Paragraph 21: “We find that Fried’s affidavit complied with Rule 191. Freid stated that she personally performed numerous inspections at Evanger’s and detailed her observations on specific dates. For example, she noted that on March 5, 2007, she observed: debris and junk stored in the rear of the property; rusted and unused equipment in the rear of the property stored dangerously high, unused equipment and debris in the rear of property; pallets piled up in the rear of property; rusted trailers with debris inside and stored underneath; rusted trailers being used for storage; piping and conduit laying against a shed; rusted equipment and plastic totes for chicken product stored in the rear of the property; storage inside the trailers; wildlife tracks in and around trailers – possible wildlife harborage under and in damaged trailers; and, rusted trailers used for storage. Further, on June 21, 2007, she observed: “thousands” of maggots on rotten decaying animal parts; flies all over the property and open and exposed rotting animal parts; flies and maggots over unknown rotting substances. She also referenced the attached pictures in her affidavit. We find that the affidavit complies with Rule 191 because Fried’s observations consist of specific facts rather than conclusions, which were based on her personal knowledge. Although it appears from the trial court’s comments that the court did not consider the affidavit, we find it proper.”
Paragraph 36: “Evanger’s next contends that the trial court erred in refusing to return Evanger’s funds.
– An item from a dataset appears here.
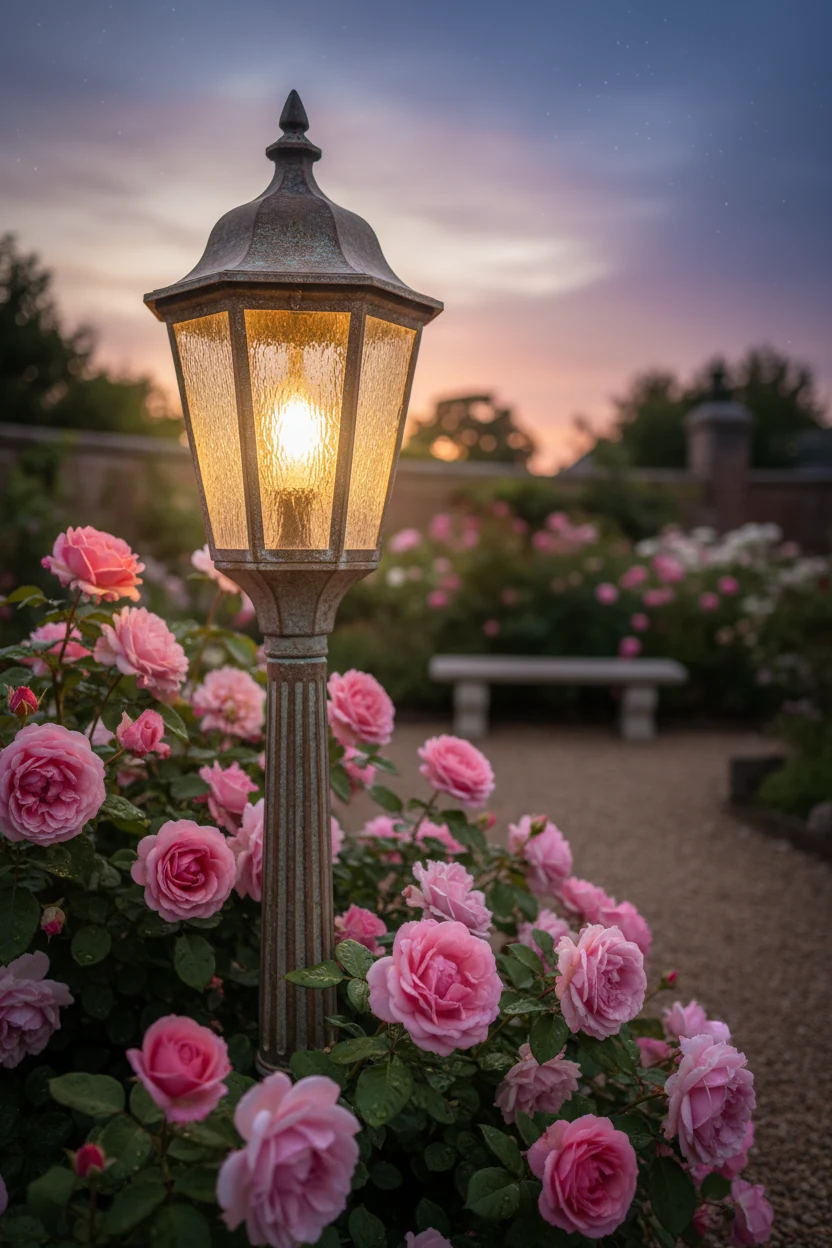lantern-style garden light beside blooming pink roses at dusk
After the hearing on the Village’s petition to revoke the order of supervision, the trial court imposed a fine on Evanger’s of $168,000. Subsequently, the Village obtained $168,000, in funds from Evanger’s bank accounts in satisfaction of the judgment. After we reversed and vacated the trial court’s orders imposing and revoking supervision, the Village successfully moved to have the money deposited with the Clerk of the Circuit Court. Evanger’s argues that this was error and Evanger’s was “deprived of its property without due process.” However, Evanger’s fails to argue how the court’s order lacked due process. In sum, we conclude that the proceedings did not deprive Evanger’s of its due process rights.”
Paragraph 37: “Accordingly, the judgment of the circuit court is affirmed.”
The above Paragraph 37 means the judgment of the lower court was upheld.
As for Evanger’s pet food problems of last year, approximately 1 month ago Laura Alvey of FDA told me the FDA is still investigating and can make no further comment on the Warning Letter issued May 5, 2011.